Simplificando y viajando en el tiempo, veo a Sócrates —si el Sócrates que conocemos lo fue, o fue la imagen que quisieron otros— en la plaza del pueblo rodeado de sus discípulos, a quienes plantea cuestiones que les lleva a asentir y a concluir con un “convengo en ello, maestro”. Él pregunta y, como quien no quiere, guía las respuestas de los jóvenes. Es un buen método, mejorable, eso sí, como cualquier método. Lo importante es que el profesor trata de enseñar a pensar, a plantear interrogantes, a dudar, incluso de lo aprendido, aunque quizá no de cuanto él da por hecho. En definitiva, para sus alumnos es más provechoso que les muestre u ofrezca opciones, variables, preguntas, que afirmaciones discutibles, en todo caso.

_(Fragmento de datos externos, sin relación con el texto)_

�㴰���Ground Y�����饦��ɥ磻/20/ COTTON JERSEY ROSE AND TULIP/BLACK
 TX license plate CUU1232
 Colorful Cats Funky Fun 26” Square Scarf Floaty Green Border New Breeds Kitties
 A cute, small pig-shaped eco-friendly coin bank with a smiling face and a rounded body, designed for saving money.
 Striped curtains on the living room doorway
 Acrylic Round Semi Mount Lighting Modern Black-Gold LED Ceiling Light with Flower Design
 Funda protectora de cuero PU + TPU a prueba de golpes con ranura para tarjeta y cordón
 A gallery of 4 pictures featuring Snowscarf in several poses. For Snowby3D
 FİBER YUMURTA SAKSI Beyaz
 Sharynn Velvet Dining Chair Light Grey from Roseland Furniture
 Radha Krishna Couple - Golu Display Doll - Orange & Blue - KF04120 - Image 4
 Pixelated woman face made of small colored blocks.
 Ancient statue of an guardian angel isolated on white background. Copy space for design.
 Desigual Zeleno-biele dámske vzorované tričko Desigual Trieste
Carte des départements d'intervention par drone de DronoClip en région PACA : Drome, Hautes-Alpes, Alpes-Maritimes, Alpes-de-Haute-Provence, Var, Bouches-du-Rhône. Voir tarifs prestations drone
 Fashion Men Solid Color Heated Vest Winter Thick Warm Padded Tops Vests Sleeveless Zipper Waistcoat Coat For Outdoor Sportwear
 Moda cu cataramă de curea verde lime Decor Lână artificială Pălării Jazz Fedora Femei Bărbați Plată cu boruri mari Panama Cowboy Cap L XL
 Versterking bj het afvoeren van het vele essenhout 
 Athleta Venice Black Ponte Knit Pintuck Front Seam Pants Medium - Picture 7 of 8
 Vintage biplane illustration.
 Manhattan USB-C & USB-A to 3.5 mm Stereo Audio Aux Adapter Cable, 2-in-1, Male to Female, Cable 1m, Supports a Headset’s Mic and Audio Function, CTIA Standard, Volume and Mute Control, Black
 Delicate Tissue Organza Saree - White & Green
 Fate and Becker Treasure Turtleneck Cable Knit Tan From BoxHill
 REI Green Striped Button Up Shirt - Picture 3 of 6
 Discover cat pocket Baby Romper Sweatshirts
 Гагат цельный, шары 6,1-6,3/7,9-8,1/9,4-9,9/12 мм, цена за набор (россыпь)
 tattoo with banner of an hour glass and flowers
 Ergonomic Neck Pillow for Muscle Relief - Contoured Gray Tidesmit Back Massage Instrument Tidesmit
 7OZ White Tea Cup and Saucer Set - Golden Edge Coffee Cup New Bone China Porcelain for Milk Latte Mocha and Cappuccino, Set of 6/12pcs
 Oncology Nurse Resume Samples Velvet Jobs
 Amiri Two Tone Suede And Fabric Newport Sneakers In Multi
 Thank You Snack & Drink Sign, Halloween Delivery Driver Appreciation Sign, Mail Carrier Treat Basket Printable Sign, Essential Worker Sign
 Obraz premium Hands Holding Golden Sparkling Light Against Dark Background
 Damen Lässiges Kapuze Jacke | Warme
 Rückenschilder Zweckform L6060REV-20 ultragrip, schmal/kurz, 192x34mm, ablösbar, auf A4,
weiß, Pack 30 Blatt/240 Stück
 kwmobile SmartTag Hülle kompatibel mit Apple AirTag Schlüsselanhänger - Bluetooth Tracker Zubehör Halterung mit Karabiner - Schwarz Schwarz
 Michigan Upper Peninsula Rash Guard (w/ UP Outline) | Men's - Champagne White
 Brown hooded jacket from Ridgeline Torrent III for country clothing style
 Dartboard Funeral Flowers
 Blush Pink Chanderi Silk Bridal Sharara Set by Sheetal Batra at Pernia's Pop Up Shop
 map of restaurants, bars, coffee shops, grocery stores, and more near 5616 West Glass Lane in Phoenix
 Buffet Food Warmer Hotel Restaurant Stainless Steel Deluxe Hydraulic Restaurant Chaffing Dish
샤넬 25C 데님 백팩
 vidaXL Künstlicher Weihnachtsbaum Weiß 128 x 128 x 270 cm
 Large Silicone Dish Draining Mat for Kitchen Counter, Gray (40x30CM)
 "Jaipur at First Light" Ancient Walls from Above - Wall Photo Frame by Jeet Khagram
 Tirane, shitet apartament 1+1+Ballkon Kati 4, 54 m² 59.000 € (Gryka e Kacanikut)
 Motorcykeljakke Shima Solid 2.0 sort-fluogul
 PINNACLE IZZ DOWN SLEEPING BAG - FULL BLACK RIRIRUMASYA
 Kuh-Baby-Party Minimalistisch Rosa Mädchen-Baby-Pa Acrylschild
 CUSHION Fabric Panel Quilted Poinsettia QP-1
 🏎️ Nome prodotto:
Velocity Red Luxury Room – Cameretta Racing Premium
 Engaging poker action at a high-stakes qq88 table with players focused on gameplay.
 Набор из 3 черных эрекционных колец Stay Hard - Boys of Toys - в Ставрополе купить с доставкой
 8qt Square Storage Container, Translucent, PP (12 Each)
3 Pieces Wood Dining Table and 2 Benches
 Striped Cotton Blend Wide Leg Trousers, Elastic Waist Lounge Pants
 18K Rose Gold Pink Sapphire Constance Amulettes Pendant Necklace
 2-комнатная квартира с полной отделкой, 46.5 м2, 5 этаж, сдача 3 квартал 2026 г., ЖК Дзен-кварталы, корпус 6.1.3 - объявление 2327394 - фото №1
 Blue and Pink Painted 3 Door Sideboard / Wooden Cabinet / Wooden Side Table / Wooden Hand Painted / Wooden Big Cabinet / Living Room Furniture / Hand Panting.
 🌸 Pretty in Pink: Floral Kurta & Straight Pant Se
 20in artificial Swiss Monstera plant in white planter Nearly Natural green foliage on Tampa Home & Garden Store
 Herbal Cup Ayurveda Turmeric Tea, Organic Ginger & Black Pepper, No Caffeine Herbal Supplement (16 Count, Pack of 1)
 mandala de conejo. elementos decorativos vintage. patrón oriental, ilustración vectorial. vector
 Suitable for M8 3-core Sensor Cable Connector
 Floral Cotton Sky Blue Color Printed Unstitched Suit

El docente interpretado por Donald Pleasence en la versión televisiva de Sin novedad en el frente (All Quiet in the Western Front, 1979) no hace preguntas, ni tiene en cuenta a sus alumnos. No les respeta como mentes, solo como depositarios de su doctrina, de ahí que sea quien, hablando de hombría, deber, gloria y patria, indique a sus alumnos el camino que han de seguir. Lo hace sin exponer razones, dudas, pros, contras, causas u otros posibles. Les arenga con palabras e ideas, con el tradicional militarismo prusiano, que conducen a sus alumnos a la oficina de alistamiento; después, al centro de entrenamiento; de ahí, al frente y, finalmente, a la muerte. Como en la magistral novela de Erich Maria Remarque, en las versiones de Sin novedad en el frente, tanto en el film que Lewis Milestone dirigió en 1930 como en la versión televisiva a cargo de Delbert Mann, la figura del maestro resulta fundamental en el devenir de sus alumnos. El profesor Kantorek les habla de la “madre patria” (expresión que tiene como fin condicionar a los jóvenes, en su maternidad y paternidad), pero también en los hogares los padres comentan sobre la guerra y la victoria, para mayor gloria de la nación y del káiser Guillermo. La figura que sustituye al docente y a la familia es la del cabo instructor Himmelstooss (Ian Holm), vengativo, inseguro de sí mismo e intransigente. Tampoco él conoce la guerra, solo sabe obligar a los muchachos a sufrir en el barro del centro de reclutas. Esta imagen autoritaria nada les aporta, salvo rechazo. Más adelante, a su llegada al frente, los adolescentes se encuentran con la única figura adulta con conocimiento real de la guerra. También es el único que se plantea el por qué luchan, y el para quién. Ha visto el día a día, lo ha sobrevivido y continúa haciéndolo. Se trata de Kat (Ernest Borgnine), el veterano que intenta que los muchachos tengan su oportunidad, aunque sea mínima. Esos soldados forman una de tantas compañías, forman una familia, y acabarán comprendiendo el engaño: descubren que solo son carne de cañón con sobrada experiencia en matar y morir en una guerra que, inicialmente, aceptan cual borregos en su cita con el matarife.


Son tres etapas en las vidas de los jóvenes que la voz de Paul Baumer (Richard Thomas) presenta en las trincheras, al inicio de esta multipremiada superproducción televisiva de Mann. Su propuesta permanece siempre pareja al libro de Remarque y retrocede en el tiempo para descubrirnos la última jornada en el colegio, donde el maestro habla a la promoción de 1916 del deber y de la gloria de la patria. En ese instante, les dicta sus ideas, de las que no duda ni permite que duden sus alumnos: esos muchachos que corren felices a alistarse, pensando que todos ellos serán héroes y harán más grande a la nación y al káiser, pero, tiempo después, cuando observen al emperador condecorando a varios soldados, los supervivientes comprende que han perdido su juventud, y quizá su mañana, matando y muriendo por los caprichos e intereses de unos pocos que les exigen sacrificio y sangre a cambio de hambre, ratas, barro, metralla, gas y hojalata.